Spiders communicate in a complex way with their mates and their young by twanging different harmonics on the web. The mother talks to her children in this way: ‘stay in the nest, come and eat, remain motionless where you are on the web – there is danger’ and so on. We need not seriously doubt that the ancient meditators observed and understood all this.

In ancient Greece there was the belief that the planets were arranged in distance from the sun according to the laws of harmonics – and this is very nearly, if not quite true. The harmonies of the musical scale and the relative positions of the planets were thought to be expressions of the same basic laws of vibration in the universe – hence the phrase ‘the music of the spheres’. These ideas are no doubt far older than the Greeks.

Now we can see how the ancients pieced everything together in their vision of the universe. (Let us not overlook here that the central motto was ‘as above, so below’. What goes on in the heavens is the same as goes on below.)
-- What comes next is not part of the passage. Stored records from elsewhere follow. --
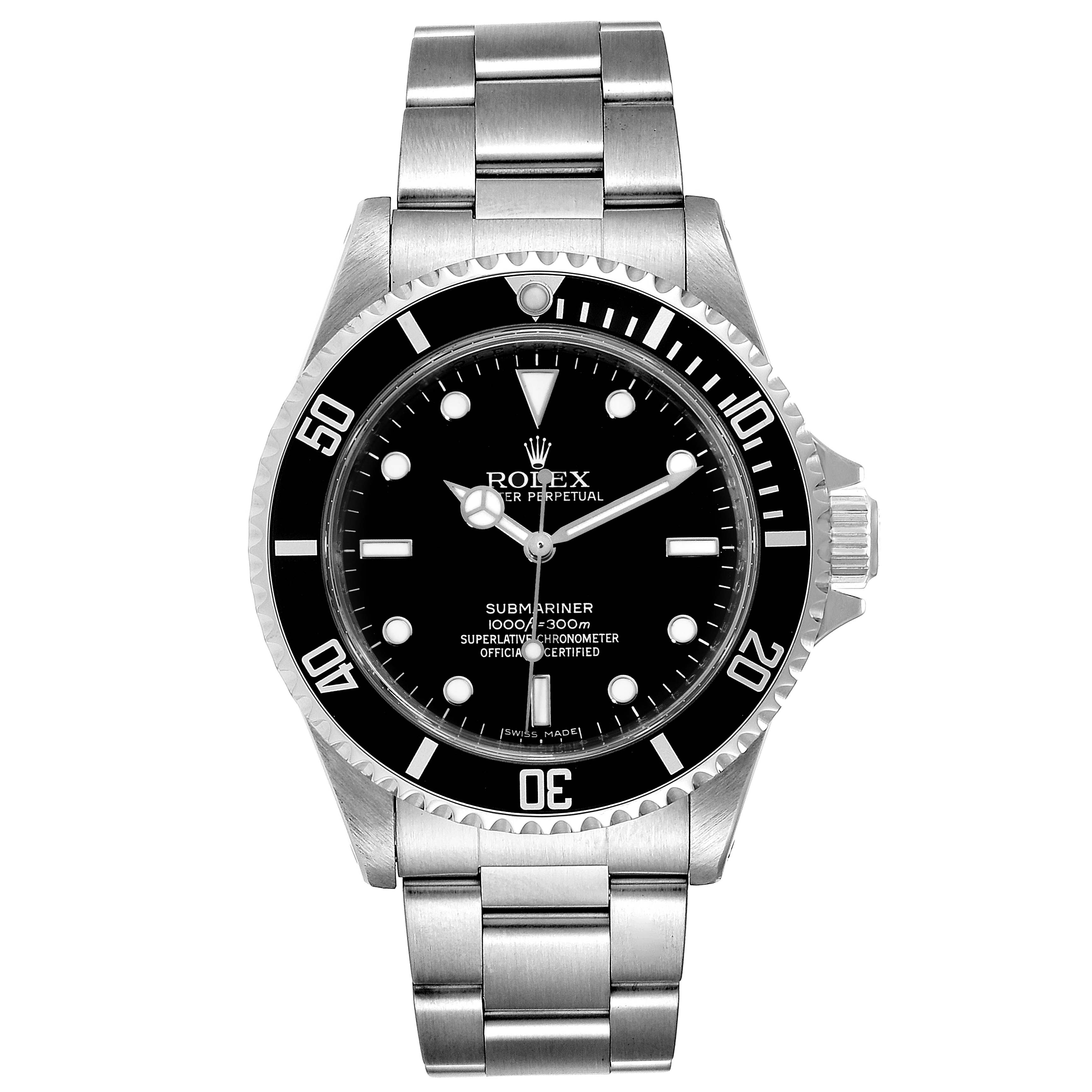 This image shows a front view of the Rolex Submariner 14060M Men
s Stainless Steel Black Dial 14060M Men
s Stainless Steel Black Dial watch, displaying its black dial and stainless steel bracelet.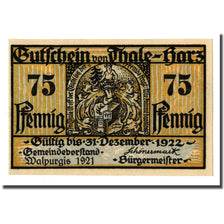 Banknote, Germany, Thale a.Harz Stadt, 75 Pfennig, paysage, O.D, UNC(63)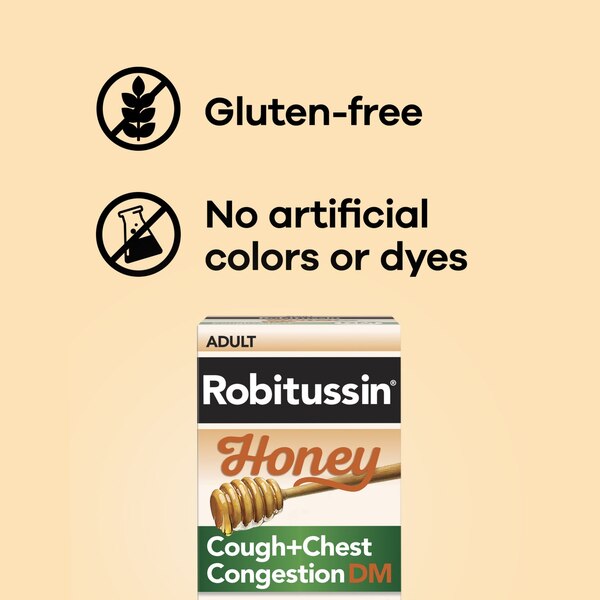 Robitussin Honey Cough + Chest Congestion DM Adult Max. Strength Day Liquid Syrup, 8 fl OZ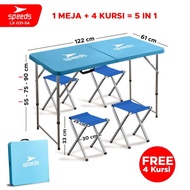 SPEEDS Meja Lipat Kursi Set Folding Set Meja Kursi Koper 031-17 - 031-54 BIRU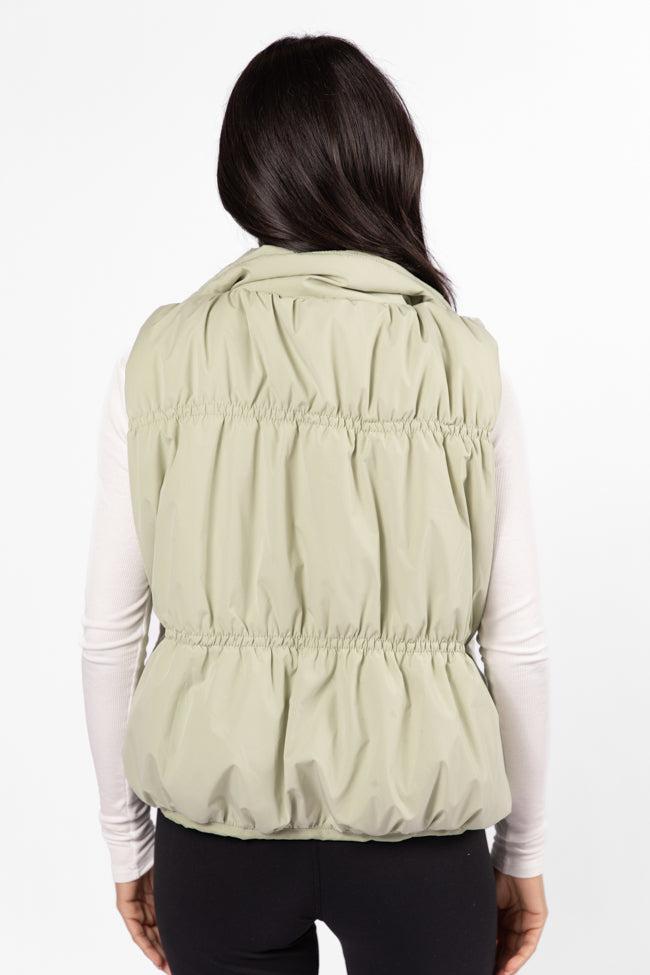Mountain High Sage Ruched Puffer Vest SALE Product Image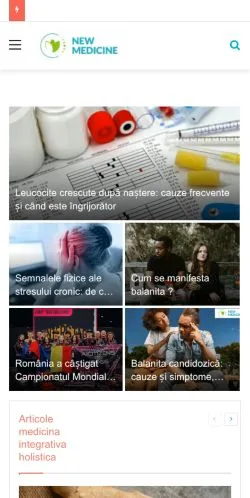 Podgląd witryny New Medicine, medium z kraju Rumunia do artykułów sponsorowanych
The Sun is the centre of the web and his straight rays hold the planets in position. But the Moon, with her erratic path, is the spider, whom the web serves. And we, mankind, are the children of the spider – hence the umbilical cord of the new born baby. This is, again, the spider thread which connects the baby to the centre of the labyrinthine womb. (And trees were said to be the umbilical cord which joined the Earth to the sky.)

But many of the Moon’s threads are invisible. The thread which draws up the tides is invisible – it is magnetism. The thread which draws the floating lodestone to the north is invisible – it is magnetism.

From here it is but one more short step to the ‘web of fate’ and the ‘thread of life’ which the Fates (or the Spinners as they are also called) cut when we die.